Crawled caption data
------------------------
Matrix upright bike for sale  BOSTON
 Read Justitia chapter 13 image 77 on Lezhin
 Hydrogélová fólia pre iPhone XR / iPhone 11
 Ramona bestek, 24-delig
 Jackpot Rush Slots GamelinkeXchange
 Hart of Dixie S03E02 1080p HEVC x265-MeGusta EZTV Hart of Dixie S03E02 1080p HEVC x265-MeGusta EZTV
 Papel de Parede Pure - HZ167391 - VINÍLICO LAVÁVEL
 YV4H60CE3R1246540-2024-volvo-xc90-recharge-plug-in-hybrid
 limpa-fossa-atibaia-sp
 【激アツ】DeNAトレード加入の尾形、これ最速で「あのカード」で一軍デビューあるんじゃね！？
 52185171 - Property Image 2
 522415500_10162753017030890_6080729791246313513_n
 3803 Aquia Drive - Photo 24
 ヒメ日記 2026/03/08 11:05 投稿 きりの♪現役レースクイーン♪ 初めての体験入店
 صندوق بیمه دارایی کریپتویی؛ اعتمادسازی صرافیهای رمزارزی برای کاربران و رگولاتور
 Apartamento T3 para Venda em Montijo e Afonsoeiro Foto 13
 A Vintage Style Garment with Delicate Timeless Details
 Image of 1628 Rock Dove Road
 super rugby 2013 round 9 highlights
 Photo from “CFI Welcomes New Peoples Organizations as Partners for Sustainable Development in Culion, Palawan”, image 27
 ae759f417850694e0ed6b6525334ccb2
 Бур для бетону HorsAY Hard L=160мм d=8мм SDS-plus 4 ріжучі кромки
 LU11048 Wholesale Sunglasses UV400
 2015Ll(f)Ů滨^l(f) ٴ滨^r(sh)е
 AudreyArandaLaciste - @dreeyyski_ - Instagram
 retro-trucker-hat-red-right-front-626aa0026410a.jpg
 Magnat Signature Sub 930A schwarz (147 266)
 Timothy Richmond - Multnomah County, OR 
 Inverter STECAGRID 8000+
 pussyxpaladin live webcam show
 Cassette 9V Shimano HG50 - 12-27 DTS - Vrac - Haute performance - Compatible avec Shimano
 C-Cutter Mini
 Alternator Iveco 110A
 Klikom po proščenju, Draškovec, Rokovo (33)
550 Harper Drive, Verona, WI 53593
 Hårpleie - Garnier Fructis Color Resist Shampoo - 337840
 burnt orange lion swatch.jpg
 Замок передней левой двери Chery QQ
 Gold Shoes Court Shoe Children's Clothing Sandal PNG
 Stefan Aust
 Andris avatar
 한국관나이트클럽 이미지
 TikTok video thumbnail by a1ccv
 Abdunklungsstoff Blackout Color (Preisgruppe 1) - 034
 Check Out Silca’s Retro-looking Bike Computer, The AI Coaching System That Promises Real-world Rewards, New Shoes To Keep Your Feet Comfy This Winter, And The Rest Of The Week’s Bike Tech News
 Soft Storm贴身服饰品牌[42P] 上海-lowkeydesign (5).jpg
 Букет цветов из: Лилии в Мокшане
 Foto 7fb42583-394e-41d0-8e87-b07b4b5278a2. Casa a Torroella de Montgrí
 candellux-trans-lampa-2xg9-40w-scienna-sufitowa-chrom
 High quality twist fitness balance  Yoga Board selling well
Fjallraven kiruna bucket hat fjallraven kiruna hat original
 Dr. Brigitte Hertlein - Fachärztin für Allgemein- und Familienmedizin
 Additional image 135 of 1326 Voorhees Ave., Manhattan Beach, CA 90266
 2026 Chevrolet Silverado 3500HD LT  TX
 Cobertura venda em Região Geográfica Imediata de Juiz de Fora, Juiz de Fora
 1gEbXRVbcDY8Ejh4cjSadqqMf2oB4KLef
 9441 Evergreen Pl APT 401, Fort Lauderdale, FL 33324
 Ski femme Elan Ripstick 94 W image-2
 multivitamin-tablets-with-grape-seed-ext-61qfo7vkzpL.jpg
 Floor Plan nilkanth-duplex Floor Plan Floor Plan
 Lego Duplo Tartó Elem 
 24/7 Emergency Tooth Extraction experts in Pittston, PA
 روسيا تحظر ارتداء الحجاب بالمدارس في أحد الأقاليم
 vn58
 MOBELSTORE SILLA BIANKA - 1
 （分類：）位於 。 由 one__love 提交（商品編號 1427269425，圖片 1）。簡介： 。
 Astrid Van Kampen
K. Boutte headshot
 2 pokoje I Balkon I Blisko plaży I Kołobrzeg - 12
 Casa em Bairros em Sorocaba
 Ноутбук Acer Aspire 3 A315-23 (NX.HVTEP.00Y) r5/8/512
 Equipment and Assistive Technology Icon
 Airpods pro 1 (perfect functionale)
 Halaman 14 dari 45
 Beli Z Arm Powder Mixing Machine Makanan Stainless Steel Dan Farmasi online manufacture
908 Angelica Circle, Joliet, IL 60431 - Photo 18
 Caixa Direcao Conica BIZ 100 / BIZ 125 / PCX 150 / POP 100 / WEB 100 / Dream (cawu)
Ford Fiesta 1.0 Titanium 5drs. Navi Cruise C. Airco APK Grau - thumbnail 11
------------------------
Task directions - Restate the data above in full, word for word.

Task result -
Matrix upright bike for sale  BOSTON
 Read Justitia chapter 13 image 77 on Lezhin
 Hydrogélová fólia pre iPhone XR / iPhone 11
 Ramona bestek, 24-delig
 Jackpot Rush Slots GamelinkeXchange
 Hart of Dixie S03E02 1080p HEVC x265-MeGusta EZTV Hart of Dixie S03E02 1080p HEVC x265-MeGusta EZTV
 Papel de Parede Pure - HZ167391 - VINÍLICO LAVÁVEL
 YV4H60CE3R1246540-2024-volvo-xc90-recharge-plug-in-hybrid
 limpa-fossa-atibaia-sp
 【激アツ】DeNAトレード加入の尾形、これ最速で「あのカード」で一軍デビューあるんじゃね！？
 52185171 - Property Image 2
 522415500_10162753017030890_6080729791246313513_n
 3803 Aquia Drive - Photo 24
 ヒメ日記 2026/03/08 11:05 投稿 きりの♪現役レースクイーン♪ 初めての体験入店
 صندوق بیمه دارایی کریپتویی؛ اعتمادسازی صرافیهای رمزارزی برای کاربران و رگولاتور
 Apartamento T3 para Venda em Montijo e Afonsoeiro Foto 13
 A Vintage Style Garment with Delicate Timeless Details
 Image of 1628 Rock Dove Road
 super rugby 2013 round 9 highlights
 Photo from “CFI Welcomes New Peoples Organizations as Partners for Sustainable Development in Culion, Palawan”, image 27
 ae759f417850694e0ed6b6525334ccb2
 Бур для бетону HorsAY Hard L=160мм d=8мм SDS-plus 4 ріжучі кромки
 LU11048 Wholesale Sunglasses UV400
 2015Ll(f)Ů滨^l(f) ٴ滨^r(sh)е
 AudreyArandaLaciste - @dreeyyski_ - Instagram
 retro-trucker-hat-red-right-front-626aa0026410a.jpg
 Magnat Signature Sub 930A schwarz (147 266)
 Timothy Richmond - Multnomah County, OR 
 Inverter STECAGRID 8000+
 pussyxpaladin live webcam show
 Cassette 9V Shimano HG50 - 12-27 DTS - Vrac - Haute performance - Compatible avec Shimano
 C-Cutter Mini
 Alternator Iveco 110A
 Klikom po proščenju, Draškovec, Rokovo (33)
550 Harper Drive, Verona, WI 53593
 Hårpleie - Garnier Fructis Color Resist Shampoo - 337840
 burnt orange lion swatch.jpg
 Замок передней левой двери Chery QQ
 Gold Shoes Court Shoe Children's Clothing Sandal PNG
 Stefan Aust
 Andris avatar
 한국관나이트클럽 이미지
 TikTok video thumbnail by a1ccv
 Abdunklungsstoff Blackout Color (Preisgruppe 1) - 034
 Check Out Silca’s Retro-looking Bike Computer, The AI Coaching System That Promises Real-world Rewards, New Shoes To Keep Your Feet Comfy This Winter, And The Rest Of The Week’s Bike Tech News
 Soft Storm贴身服饰品牌[42P] 上海-lowkeydesign (5).jpg
 Букет цветов из: Лилии в Мокшане
 Foto 7fb42583-394e-41d0-8e87-b07b4b5278a2. Casa a Torroella de Montgrí
 candellux-trans-lampa-2xg9-40w-scienna-sufitowa-chrom
 High quality twist fitness balance  Yoga Board selling well
Fjallraven kiruna bucket hat fjallraven kiruna hat original
 Dr. Brigitte Hertlein - Fachärztin für Allgemein- und Familienmedizin
 Additional image 135 of 1326 Voorhees Ave., Manhattan Beach, CA 90266
 2026 Chevrolet Silverado 3500HD LT  TX
 Cobertura venda em Região Geográfica Imediata de Juiz de Fora, Juiz de Fora
 1gEbXRVbcDY8Ejh4cjSadqqMf2oB4KLef
 9441 Evergreen Pl APT 401, Fort Lauderdale, FL 33324
 Ski femme Elan Ripstick 94 W image-2
 multivitamin-tablets-with-grape-seed-ext-61qfo7vkzpL.jpg
 Floor Plan nilkanth-duplex Floor Plan Floor Plan
 Lego Duplo Tartó Elem 
 24/7 Emergency Tooth Extraction experts in Pittston, PA
 روسيا تحظر ارتداء الحجاب بالمدارس في أحد الأقاليم
 vn58
 MOBELSTORE SILLA BIANKA - 1
 （分類：）位於 。 由 one__love 提交（商品編號 1427269425，圖片 1）。簡介： 。
 Astrid Van Kampen
K. Boutte headshot
 2 pokoje I Balkon I Blisko plaży I Kołobrzeg - 12
 Casa em Bairros em Sorocaba
 Ноутбук Acer Aspire 3 A315-23 (NX.HVTEP.00Y) r5/8/512
 Equipment and Assistive Technology Icon
 Airpods pro 1 (perfect functionale)
 Halaman 14 dari 45
 Beli Z Arm Powder Mixing Machine Makanan Stainless Steel Dan Farmasi online manufacture
908 Angelica Circle, Joliet, IL 60431 - Photo 18
 Caixa Direcao Conica BIZ 100 / BIZ 125 / PCX 150 / POP 100 / WEB 100 / Dream (cawu)
Ford Fiesta 1.0 Titanium 5drs. Navi Cruise C. Airco APK Grau - thumbnail 11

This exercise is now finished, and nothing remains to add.